Bulgogi

Bulgogi is a traditional

Korean preparation for thinly sliced marinated beef. While it can be made with pork or chicken, bulgogi is usually made with beef. Extremely popular at Western Korean BBQ joints, bulgogi is deeply delicious thanks to its signature marinade, which both tenderizes the meat and infuses each bite with complex flavor. This dish isn’t difficult to make, but does take some time: make it for an extra-special weeknight dinner with friends, served with all your favorite toppings and sides. Here’s everything you need to know: 

The best cut of beef for bulgogi:
The best cut of meat to use for bulgogi is rib-eye because it has a good ratio of fat to muscle. Sirloin also works well because of its tenderness. Super thin slices of meat are key for great bulgogi. Though you can buy thinly sliced meat at an Asian supermarket, you can easily slice the meat yourself. For the thinnest slices, freeze the meat for at least 2 1/2 hours beforehand.

How to make tender beef bulgogi:
The classic beef bulgogi marinade not only adds in the signature sweet flavor to the beef, but helps to tenderize it to perfection. The marinade typically includes onion, apple, kiwi, garlic, soy sauce, brown sugar, mirin, and sesame oil.

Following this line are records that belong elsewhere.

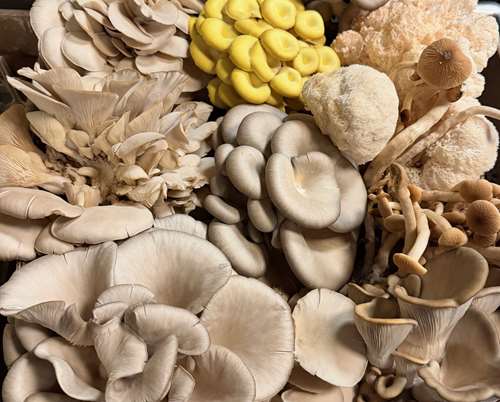 Cooking Class @ The Silo: Mushroom Madness w Chef Dino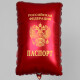 паспорт 53 см - 560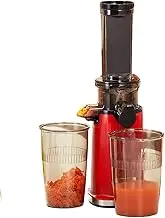 100W Cold Press Juicer Machine, Vegetable Juicer Wtih Juice Cup, Pulp Cup, Masticating Slow Juicer Easy to Clean, Compact Design, Mini Size, for Home Dining Room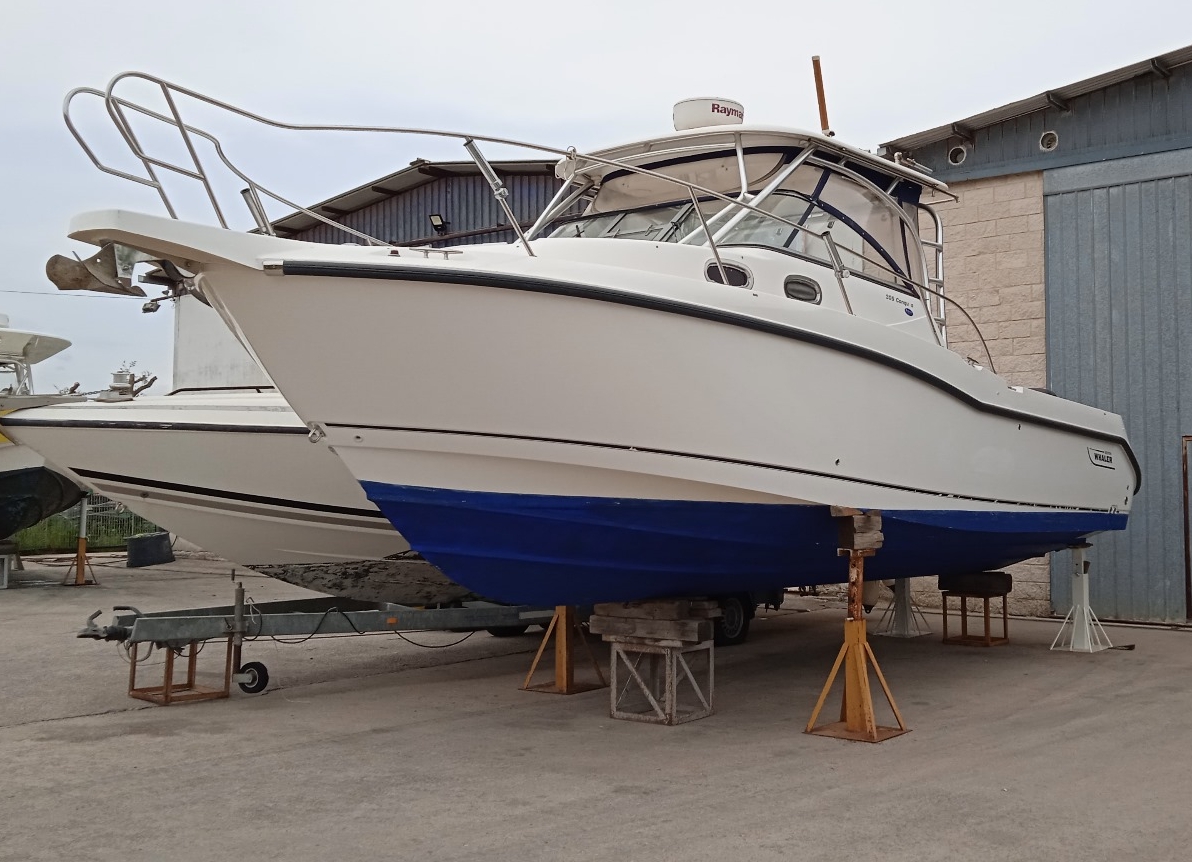 Boston Whaler 305 Conquest · 2008 zu verkaufen – Toskana (Livorno und Elba) — Foto 1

Kiwi speeds up the tenderization process, so be careful not to marinate for more than 2 1/2 hours or the structure of the meat will start to get mushy. If you want to marinate the bulgogi for longer than 2 hours, then reduce the amount of kiwi used to 1 tablespoon for up to 4 hours or use no kiwi at all to marinate for up to 6 hours. 

How to serve bulgogi:
We prefer to serve our sizzling hot bulgogi on top of white rice with a side of kimchi, topped with toasted white sesame seeds and scallions.